Masvingo - Zimbabwe’s Council of Chiefs has ordered traditional leaders in rural Chiredzi South constituency to deny state-supplied food aid to opposition supporters, council president Fortune Charumbira said on Monday. Chiredzi is due to hold a by-election on February 17 to replace former Zanu PF legislator Aaron Baloyi who died last year. Charumbira said in addition to denying food to opposition supporters - who he described as the enemy – chiefs had also been instructed to campaign for Zanu PF, adding that the traditional leaders should know "which side their bread is buttered". "We have advised all chiefs in Chiredzi south to campaign for the ruling party,’ said Charumbira. "We have also ordered them that they should consider only Zanu PF supporters on programmes initiated by the government (including food aid). We cannot afford to continue feeding the enemy because they are sellouts," he added, virtually confirming the use of food aid as a political weapon to coerce villagers to support the governing party.

Traditional leaders hold largely ceremonial powers but wield immense influence in rural areas where President Robert Mugabe and Zanu PF draw most of their support. The opposition, human rights and pro-democracy groups accuse chiefs of using their positions to intimidate their subjects to back Mugabe’s party, a charge they have until now denied. Zanu PF and the government deny refusing food to opposition supporters and insist it is their policies alone that have won them support in rural areas. A Zanu PF stalwart in Masvingo province, under which Chiredzi falls, Dzikamai Mavhaire, said anyone caught politicising food aid, should be arrested by the police. "It is not government policy and will never be our policy. All people in need of food aid should be given food despite their political affiliation. Anyone politicising food aid should be reported to the police and he should be arrested," said Mavhaire, who is also a Senator of the ruling party and a member of its inner politburo cabinet.

But villagers from Chiredzi and opposition officials said chiefs were ordering supporters of the Movement for Democratic Change (MDC) and the United People’s Party (UPP) to denounce their parties first before they could get food aid.
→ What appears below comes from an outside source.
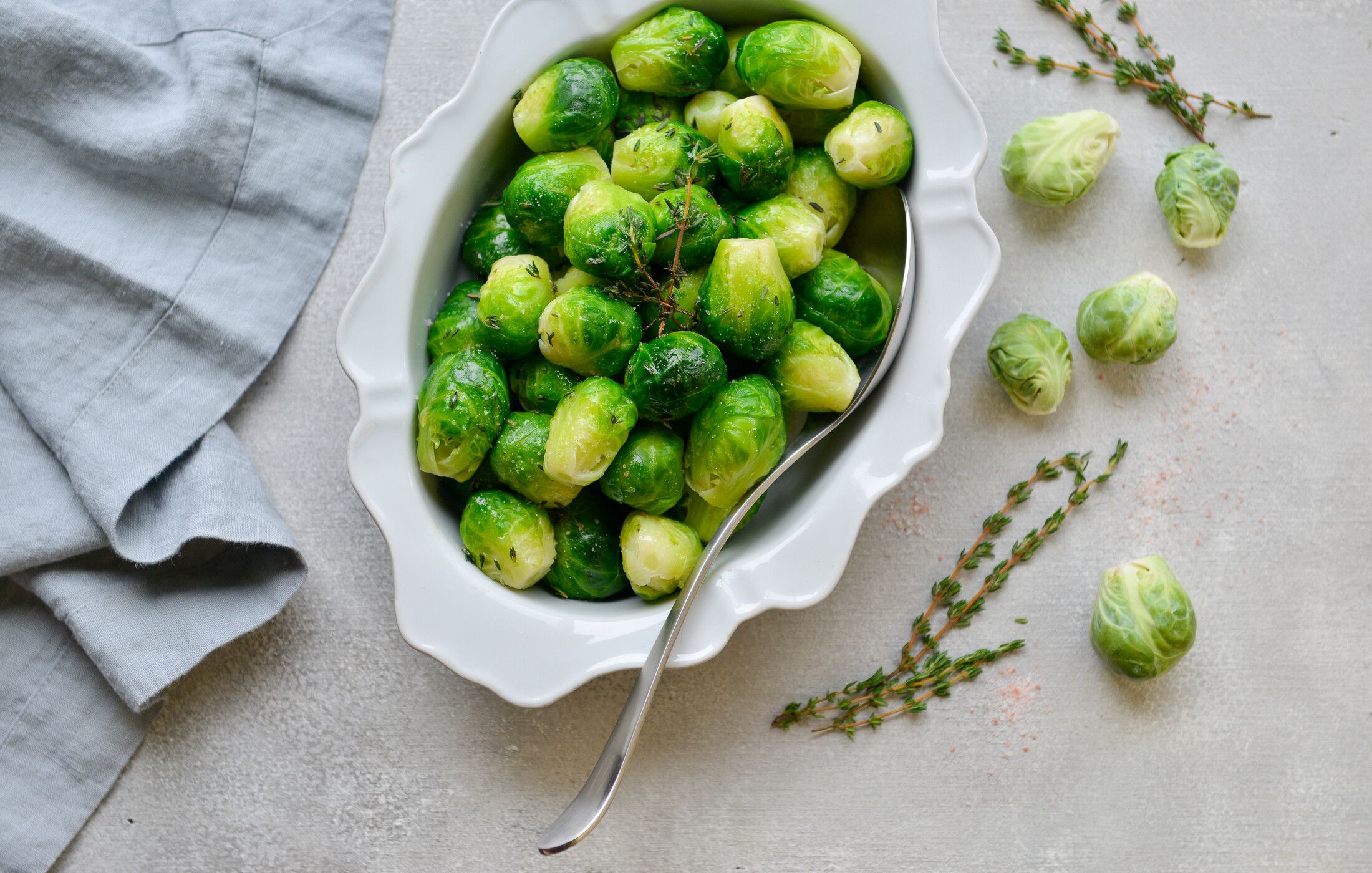 STEAMED BRUSSELS SPROUTS-1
For example, Patrick Malaba, a villager from Sangwe area in Chiredzi, said his local chief had told him that he was not going to get food from a Zanu PF-led government because he supported the UPP. Malaba said: "I am a supporter of UPP and the chief has since advised me not to expect free food from a Zanu PF-led government. I was denied food on several times the reason being that I support an opposition political party." An MDC official in Masvingo, Elson Chauke said the by-election will not be free and fair because opposition supporters were being coerced to back Zanu PF in return for food. "This is electoral fraud. Why are they denying our supporters food aid? It is clear that the elections will never be free and fair" said Chauke. Immaculate Makondo and Nehemiah Zenamwe from the two MDC factions, Callisto Gwanetsa of Zanu PF and Savious Chauke will battle it out in the poll, whose result – which ever way it goes - will not alter much the balance of power in both Houses of Parliament where the ruling party has absolute majority.